┌─ Source information

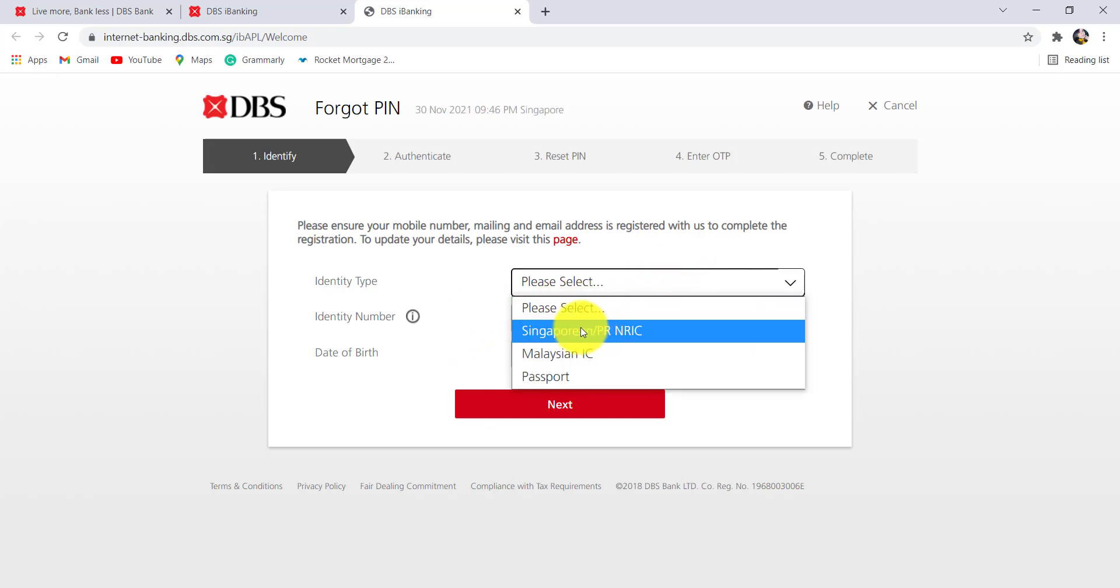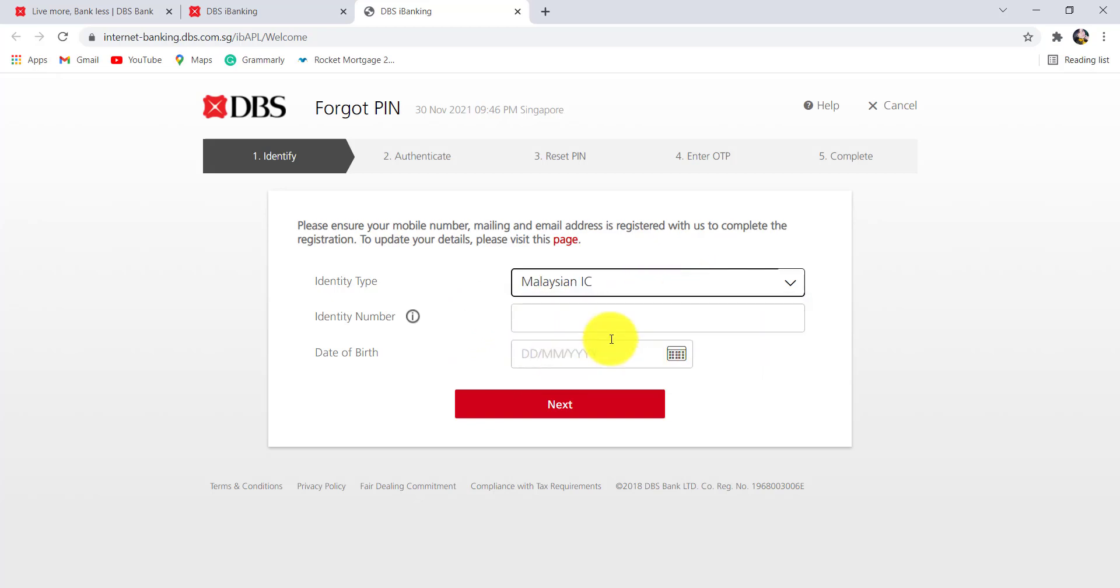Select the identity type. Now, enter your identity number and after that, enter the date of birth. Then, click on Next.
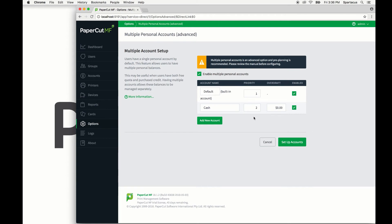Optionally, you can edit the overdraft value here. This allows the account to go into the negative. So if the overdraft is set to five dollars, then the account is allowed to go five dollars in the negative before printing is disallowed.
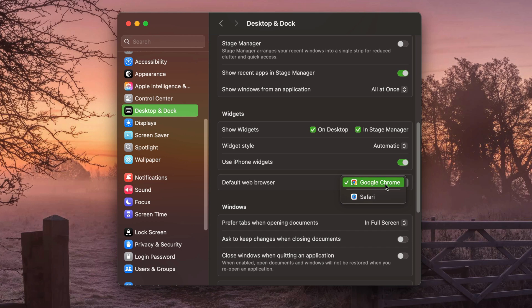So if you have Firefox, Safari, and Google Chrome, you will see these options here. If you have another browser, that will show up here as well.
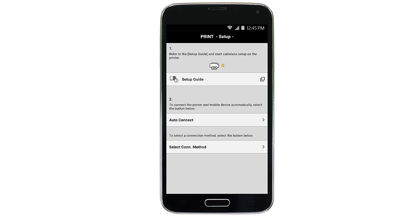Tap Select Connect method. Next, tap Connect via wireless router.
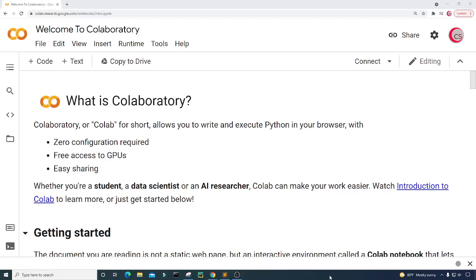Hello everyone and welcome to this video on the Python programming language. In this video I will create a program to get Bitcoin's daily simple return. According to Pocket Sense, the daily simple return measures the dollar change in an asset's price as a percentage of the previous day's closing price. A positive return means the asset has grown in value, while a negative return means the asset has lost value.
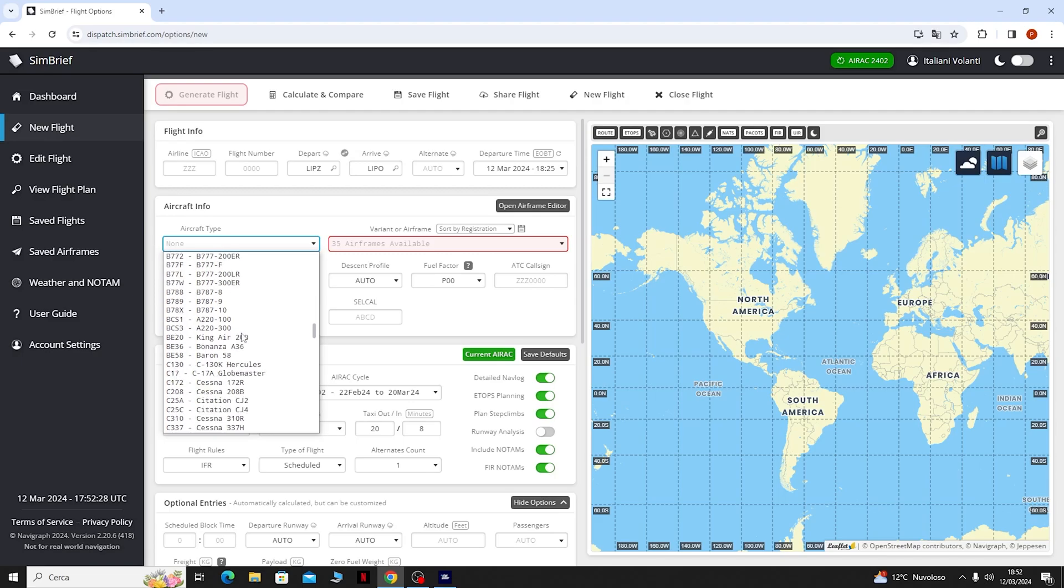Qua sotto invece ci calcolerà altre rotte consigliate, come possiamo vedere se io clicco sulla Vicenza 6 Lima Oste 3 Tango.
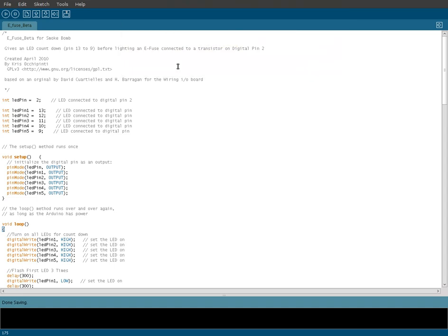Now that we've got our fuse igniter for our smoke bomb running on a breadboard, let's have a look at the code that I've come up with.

└─

Exercise description: The answer must consist only of the lines from the beginning of the entries above through the line that holds "Qua sotto invece", reproduced exactly and without pictures.

Answer area:
Select the identity type. Now, enter your identity number and after that, enter the date of birth. Then, click on Next.
Optionally, you can edit the overdraft value here. This allows the account to go into the negative. So if the overdraft is set to five dollars, then the account is allowed to go five dollars in the negative before printing is disallowed.
So if you have Firefox, Safari, and Google Chrome, you will see these options here. If you have another browser, that will show up here as well.
Tap Select Connect method. Next, tap Connect via wireless router.
Hello everyone and welcome to this video on the Python programming language. In this video I will create a program to get Bitcoin's daily simple return. According to Pocket Sense, the daily simple return measures the dollar change in an asset's price as a percentage of the previous day's closing price. A positive return means the asset has grown in value, while a negative return means the asset has lost value.
Qua sotto invece ci calcolerà altre rotte consigliate, come possiamo vedere se io clicco sulla Vicenza 6 Lima Oste 3 Tango.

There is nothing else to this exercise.